Look below for the line that has "a balcony with"; output exactly from it through the line that has "a bathroom with", and leave the pictures out.

*** RECORDS TO USE ***

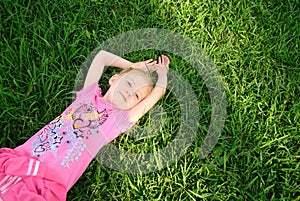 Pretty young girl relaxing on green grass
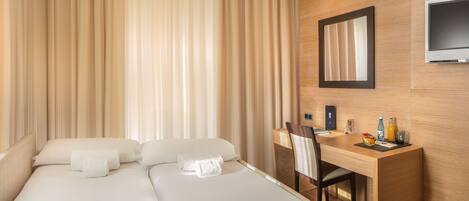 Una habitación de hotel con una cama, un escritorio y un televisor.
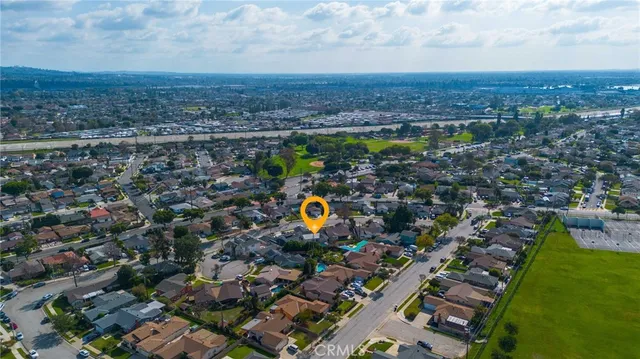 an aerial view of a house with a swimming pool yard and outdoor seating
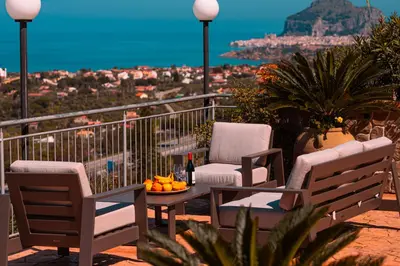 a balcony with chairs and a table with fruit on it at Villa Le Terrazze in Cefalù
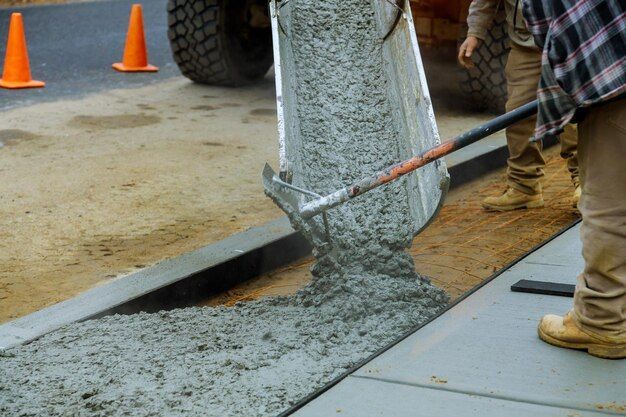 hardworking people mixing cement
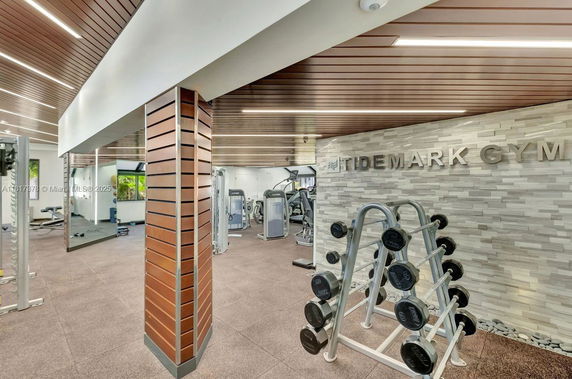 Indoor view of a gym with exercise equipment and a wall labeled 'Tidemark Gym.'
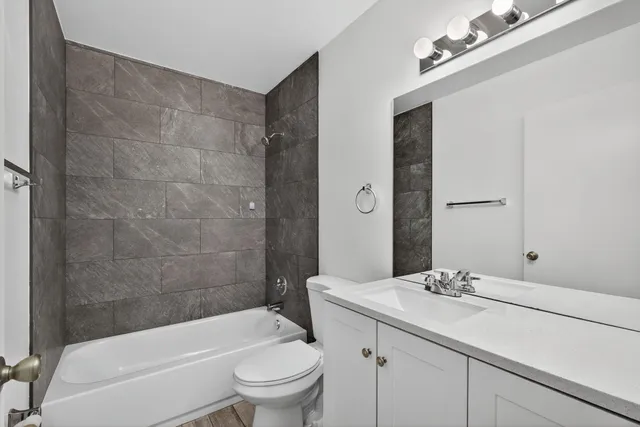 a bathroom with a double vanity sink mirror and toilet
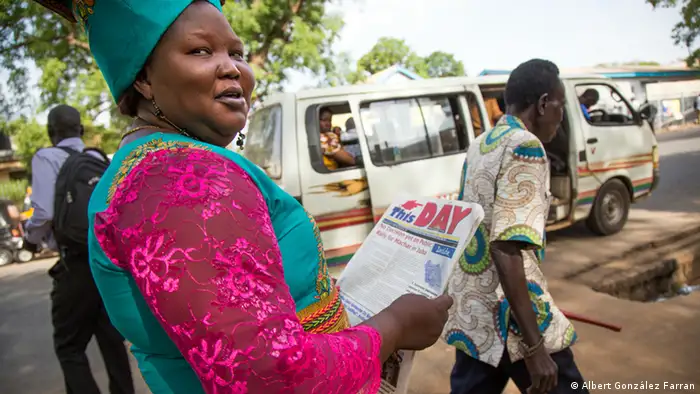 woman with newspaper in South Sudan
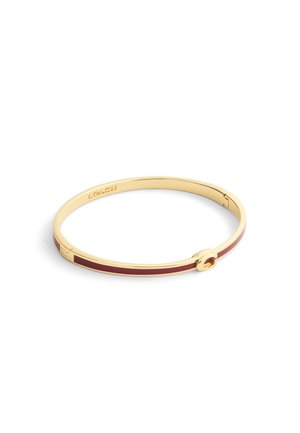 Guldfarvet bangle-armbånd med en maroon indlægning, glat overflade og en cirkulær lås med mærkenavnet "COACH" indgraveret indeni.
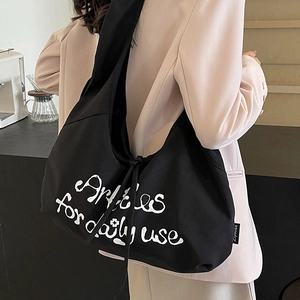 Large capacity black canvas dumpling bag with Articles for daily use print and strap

*** End of RECORDS TO USE ***

[WRITTEN ANSWER]:
 a balcony with chairs and a table with fruit on it at Villa Le Terrazze in Cefalù
 hardworking people mixing cement
 Indoor view of a gym with exercise equipment and a wall labeled 'Tidemark Gym.'
 a bathroom with a double vanity sink mirror and toilet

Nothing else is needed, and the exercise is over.